Imagine if the Uvalde shooter had been raised in an environment where authority was respected, where conflict was resolved without violence, where he was held accountable for his actions long before he ever picked up a rifle. Would things have been different?
The Parochial School Model: A "Pocket of Excellence"
But there lies a striking contrast: in the same violent Chicago neighborhood, a parochial school, ones similar to the Intercultural Montessori Language School, thrives with strict discipline, high academic performance, and minimal violence. Why? Because it operates on unchanging moral principles.
Teachers aren’t paralyzed by fear of lawsuits. They enforce rules firmly and fairly.
Students are taught respect, responsibility, and self-control—not just algebra and history.
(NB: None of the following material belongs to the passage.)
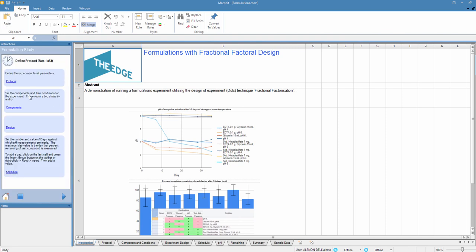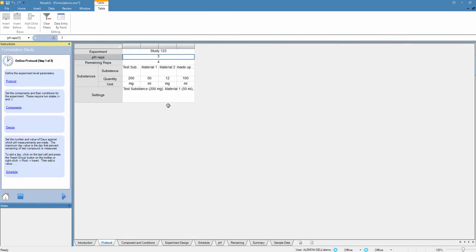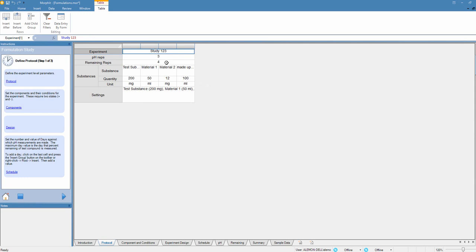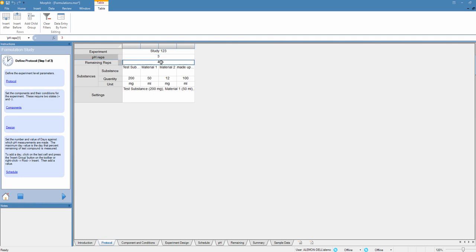I'll run the workflow. First we're going to define our protocol. In this case I'm going to be running study 1, 2, 3. We're going to be measuring three different replicate samples to track the pH of the formulation over the course of the study. We're also then going to be measuring four replicates to measure the concentration of morphine in our samples.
The school sees education as character formation, not just test preparation. This is about restoring order and expectation to teach respect and courtesy to reflect the image of God. When students know there are consequences, when they’re held to high standards, they rise to meet them.
How Do We Fix Our Schools?
Restore Teacher Authority
Stop treating schools like courtrooms. Teachers must be empowered to discipline without fear of legal retaliation.
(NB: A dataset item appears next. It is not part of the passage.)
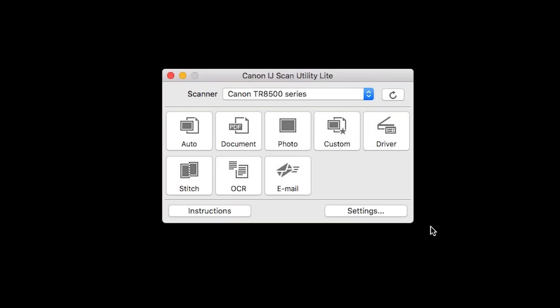When you open the IJ scan utility, first check to make sure the correct printer is selected. At the top of the window you'll see the product name. This should show the series of the device you're using. For example, the TR 8520 would say the TR 8500 series. If you're connected over your wireless network, you'll see the word network at the end.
Implement clear, consistent consequences for violence and defiance. Right now, most students know they can virtually get away with immoral behavior because there's almost no discipline or punishment. Thanks to our spineless school administrators, this students cause endless trouble and are never properly taught.
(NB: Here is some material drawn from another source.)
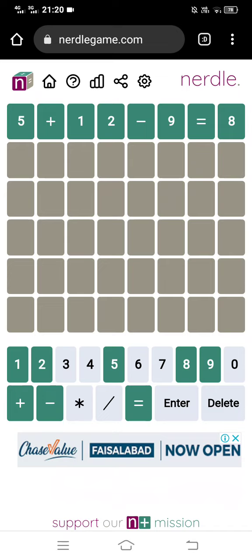You have eight characters to guess, and out of those eight you have the digits zero through nine, and then you have the symbols which are plus, minus, multiply, divide, and equals.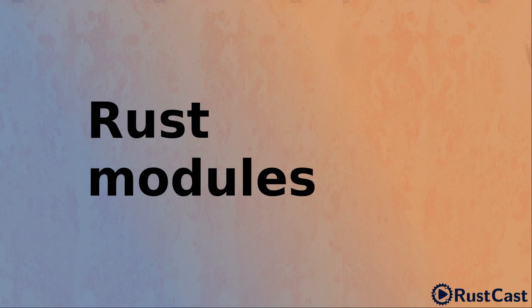Hi, that's Sergei. I'm happy to say that RustCast is back and in this episode I'm going to cover the Rust module system.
Bring Back Moral Education
Schools should teach ethics, respect, and conflict resolution—not just STEM.
Programs like character education have been shown to reduce violence and improve academic performance. Such as the ones taught by the group "Character Counts". https://charactercounts.org/
Parental and Community Involvement
Schools can’t do it alone. Parents must reinforce discipline at home. If the parents are not involved at all with their kids, they feel neglected and take their frustrations on others.
Communities should support after-school programs, mentorship, and counseling to address root causes of violence. Metal detectors and guards are temporary fixes. Real safety comes from a culture of respect, not just surveillance.
Conclusion: A Call for Radical Change
The Uvalde and Nashville shootings, the Chicago stabbing—these aren’t isolated incidents. They’re warnings. A society that abandons discipline, dismisses moral foundations, and strips authority from educators will reap chaos.
But there’s hope. Schools like the Chicago parochial example prove that structure, high expectations, and moral clarity work. We don’t need more metal detectors—we need a return to order.
If we want safer schools, we must demand a system that teaches Johnny not just how to fight—but how to think, how to respect, and how to live.